* [REQUIRED WORK] Every line from the one containing "bedroom 1 -main" to the end of the data below should be copied exactly, but pictures should not.

(Scraped caption text data)
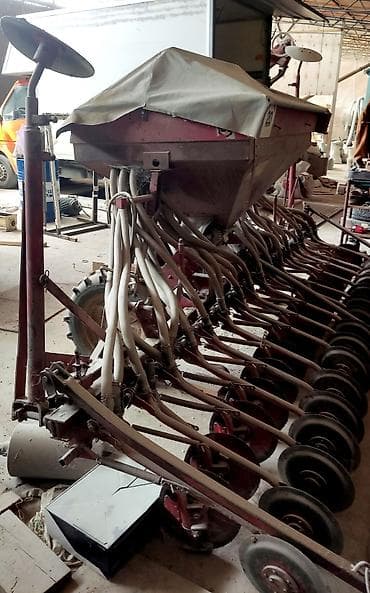 Арычники: Сеялка пневмотическая, точного высева, узкорядка, рабочий захват 4м at lalafo.kg — 3 Арычники: Сеялка пневмотическая, точного высева, узкорядка, рабочий захват 4м — 3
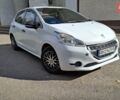 Белый Пежо 208, объемом двигателя 1.4 л и пробегом 315 тыс. км за 5900 $, фото 1 на Automoto.ua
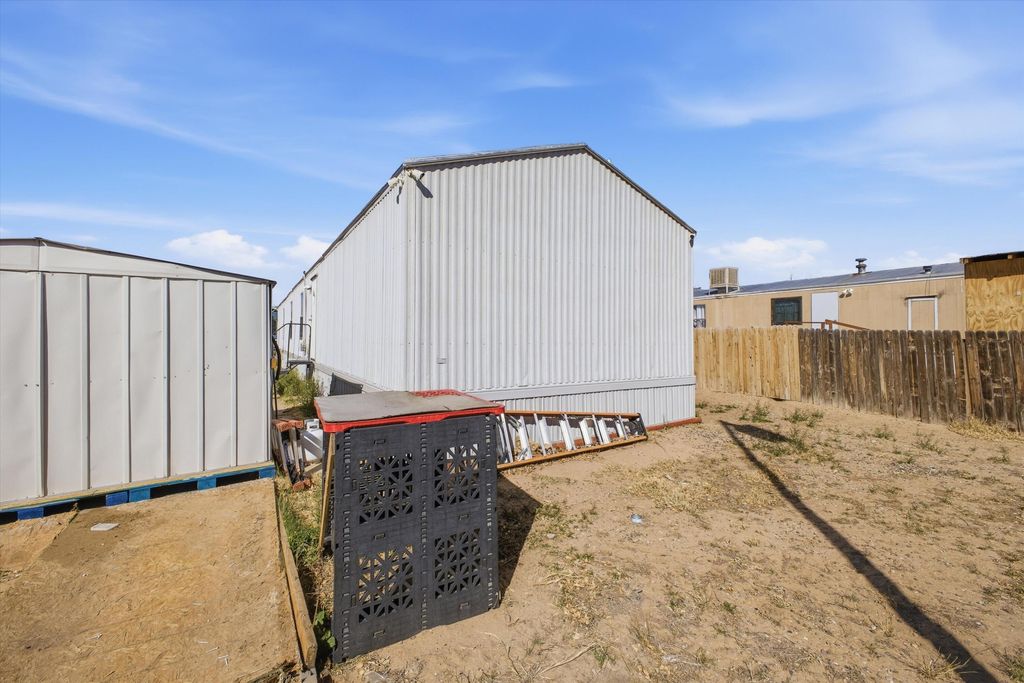 Image 28 of property listing at 224 E Atrisco Vista Boulevard SW TRLR 1020, Albuquerque, NM 87121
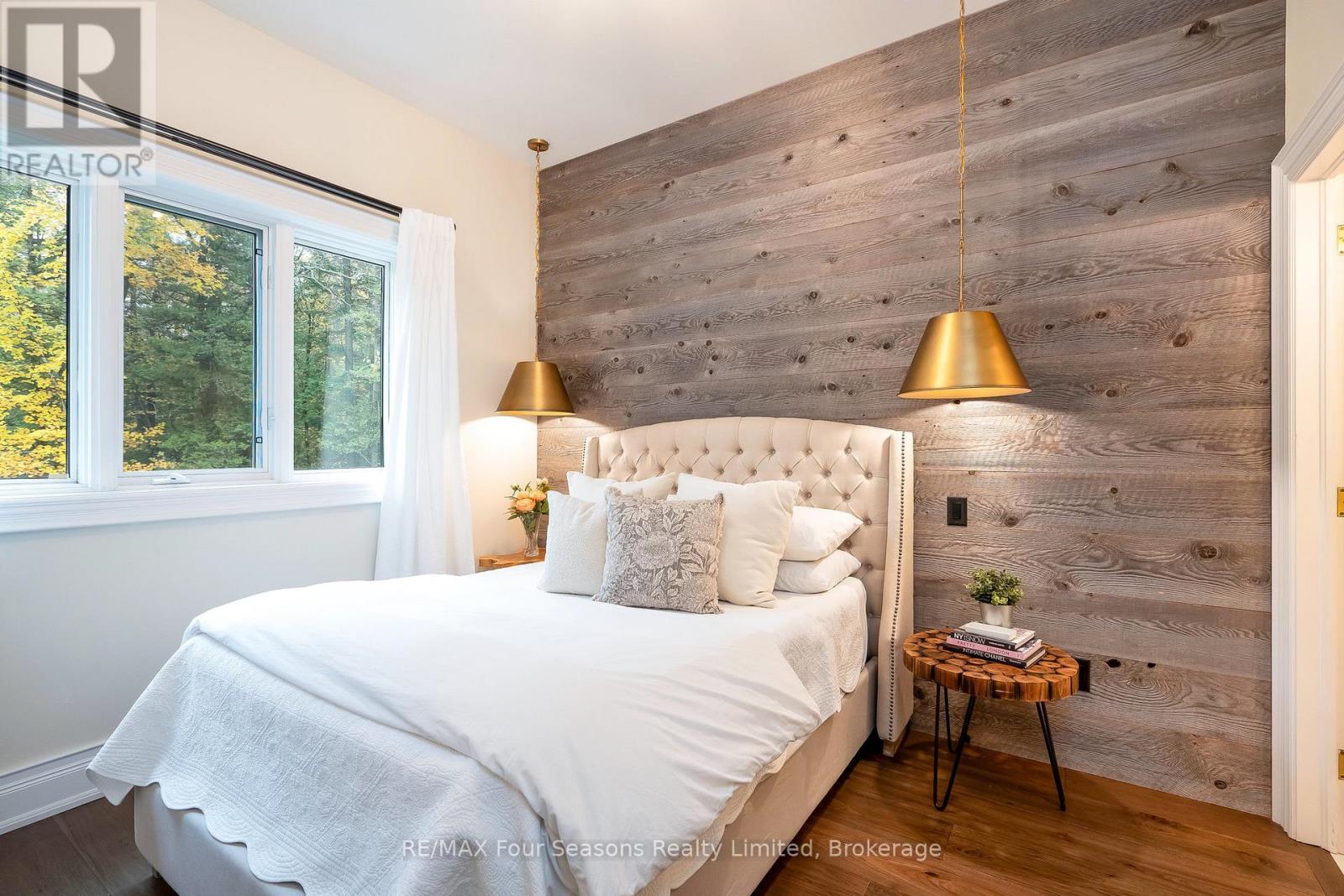 bedroom 1 -main floor - 149 Aspen Way, Blue Mountains, ON - Indoor Photo Showing Bedroom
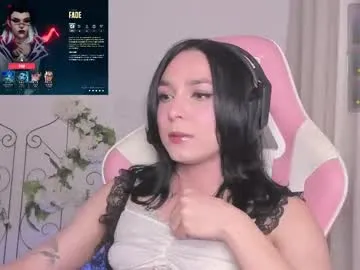 mae_nathan – webcam model profile photo Image 7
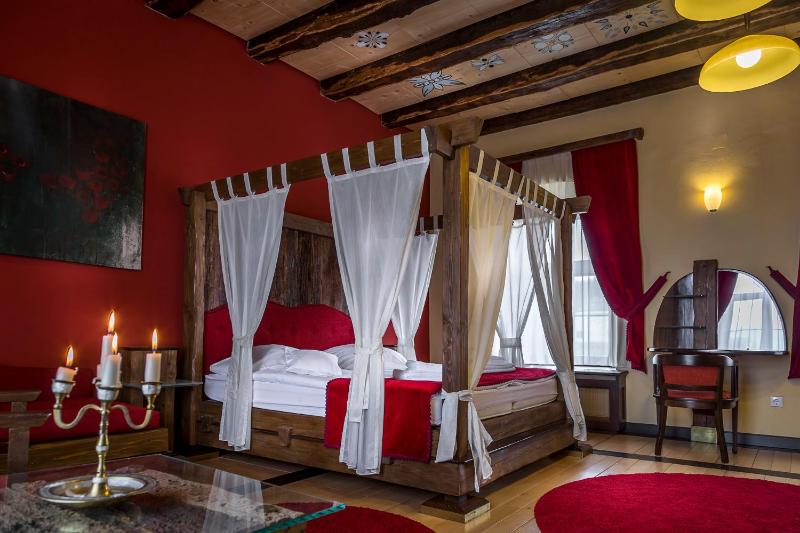 Deluxe King Room image 3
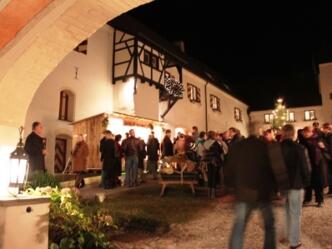 Schloss Kronburg - Weihnachtsmarkt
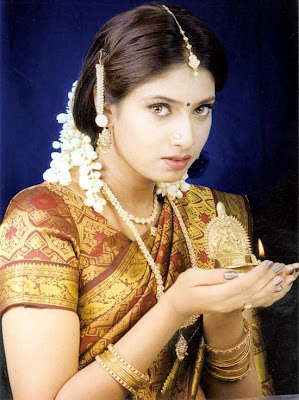 Tamil Actress Sangavi in saree photo album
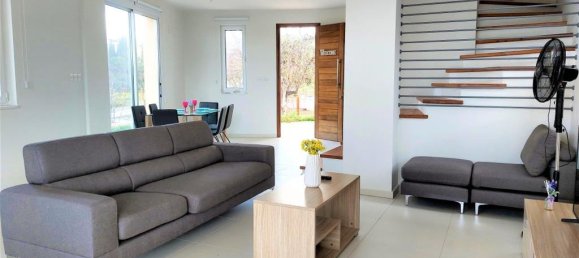 4 غرف نوم عقار تجاري في Chloraka, Cyprus رقم 9799 11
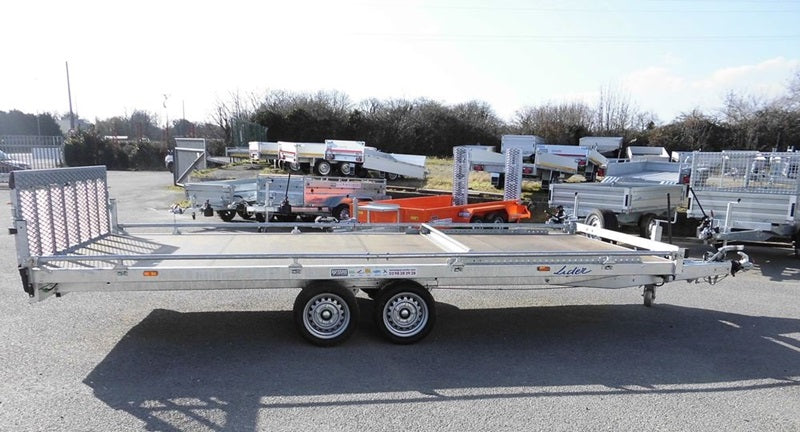 LIDER Plattformanhänger 506 × 215 cm – 2 gebremste Achsen – bis 3.500 kg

* [WRITTEN SOLUTION]
 bedroom 1 -main floor - 149 Aspen Way, Blue Mountains, ON - Indoor Photo Showing Bedroom
 mae_nathan – webcam model profile photo Image 7
 Deluxe King Room image 3
 Schloss Kronburg - Weihnachtsmarkt
 Tamil Actress Sangavi in saree photo album
 4 غرف نوم عقار تجاري في Chloraka, Cyprus رقم 9799 11
 LIDER Plattformanhänger 506 × 215 cm – 2 gebremste Achsen – bis 3.500 kg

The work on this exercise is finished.